• [Task instructions]
Beginning with the line containing "3. How do characters overcome oppression?", transcribe every line exactly down to the last one in the records below, and drop the pictures.

• [Materials provided]
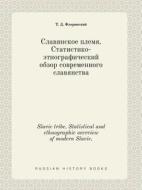 Slavic Tribe. Statistical And Ethnographic Overview Of Modern Slavic. di T D Florinskij edito da Book On Demand Ltd.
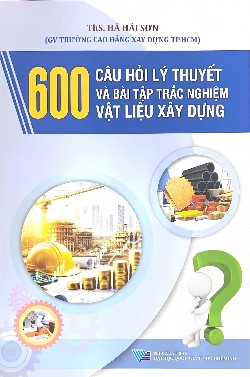 600 Câu hỏi lý thuyết và bài tập trắc nghiệm Vật liệu xây dựng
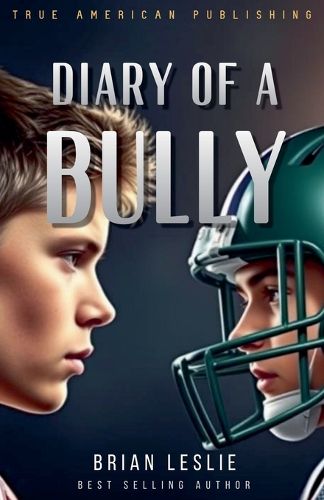 Cover image for Diary Of A Bully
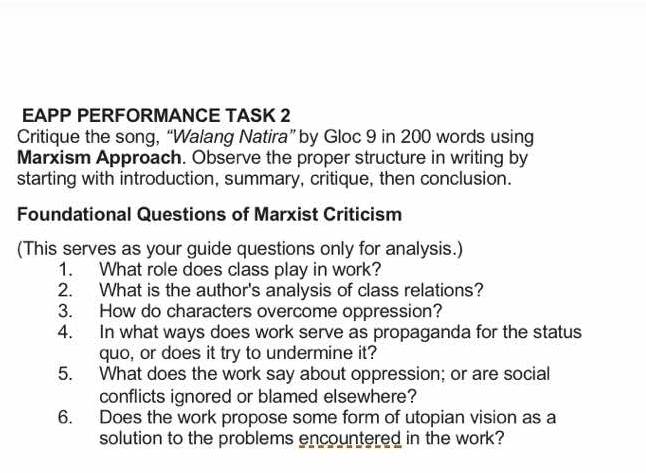 EAPP PERFORMANCE TASK 2 
Critique the song, “Walang Natira” by Gloc 9 in 200 words using 
Marxism Approach. Observe the proper structure in writing by 
starting with introduction, summary, critique, then conclusion. 
Foundational Questions of Marxist Criticism 
(This serves as your guide questions only for analysis.) 
1. What role does class play in work? 
2. What is the author's analysis of class relations? 
3. How do characters overcome oppression? 
4. In what ways does work serve as propaganda for the status 
quo, or does it try to undermine it? 
5. What does the work say about oppression; or are social 
conflicts ignored or blamed elsewhere? 
6. Does the work propose some form of utopian vision as a 
solution to the problems encountered in the work?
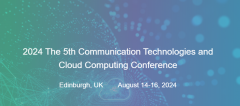2024 The 5th Communication Technologies and Cloud Computing Conference (CTCCC 2024)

• [Written answer]
3. How do characters overcome oppression? 
4. In what ways does work serve as propaganda for the status 
quo, or does it try to undermine it? 
5. What does the work say about oppression; or are social 
conflicts ignored or blamed elsewhere? 
6. Does the work propose some form of utopian vision as a 
solution to the problems encountered in the work?
2024 The 5th Communication Technologies and Cloud Computing Conference (CTCCC 2024)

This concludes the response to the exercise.